I used it for a workbench and eventually parked a drill press on it, and then when I picked up an old Craftsman jointer on a rickety wooden stand, I hatched a plan to convert the desk into to a multi-tool work station, by dropping the top at one end 6" (eliminating the shallow drawer) and then pulling the file drawer under that and mounting the motor in the cavity.

When I cross cut the top, my heart sank…... it was a solid walnut desk :^(

I was depressed for a month.


----------



## RussellAP (Feb 21, 2012)

Oh God.


----------



## gfadvm (Jan 13, 2011)

Wormil, I used MW dark walnut and it darkened the heartwood but barely darkened the sapwood .


----------



## wormil (Nov 19, 2011)

@gfadvm, I had no trouble using an oil based stain, turned a sickly yellow sapwood into a nice chocolate brown, forget which brand but it wasn't MW.


----------



## Henry6 (Nov 6, 2012)

Walnut is such a great looking surface to begin with. A clear stain would be a good option to protect the wood without damaging it in the future. Make sure that the stain you choose is compatible with the surface though, so when you are purchasing the finish or stain ask the specialist which is best for your surface.
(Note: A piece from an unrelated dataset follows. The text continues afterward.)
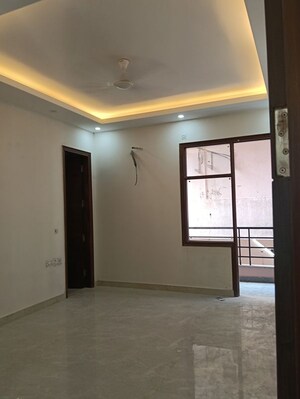 Room in 3 BHK Builder Floor at Sector 41 – for Rent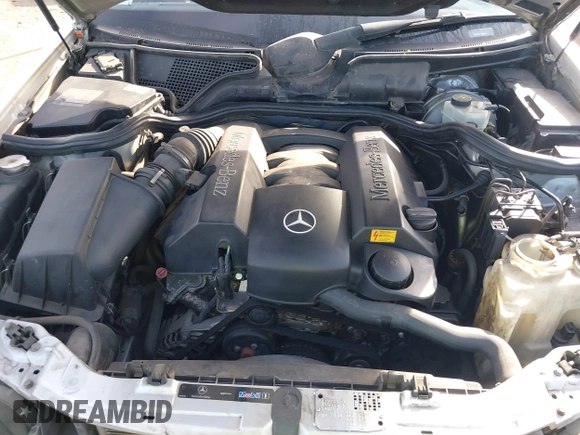 2002 Mercedes-Benz E-Class with VIN WDBJF65J72B485024, listed as a IAAI auction lot 41433088 with 100,100 mi miles. Bid and sale history available at carsss.com. Image 10.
You may want to check out a product from Storm System they have great finishes for wood surfaces indoor and outdoor.


----------



## MashMaster (Feb 12, 2011)

Holy cow, that chair is fantastic. I'm going to go through out all my tools now. I'm not worthy.

I'm currently working on my first Walnut project (country kitchen table). What finish would you suggest for that? Something water repellant


----------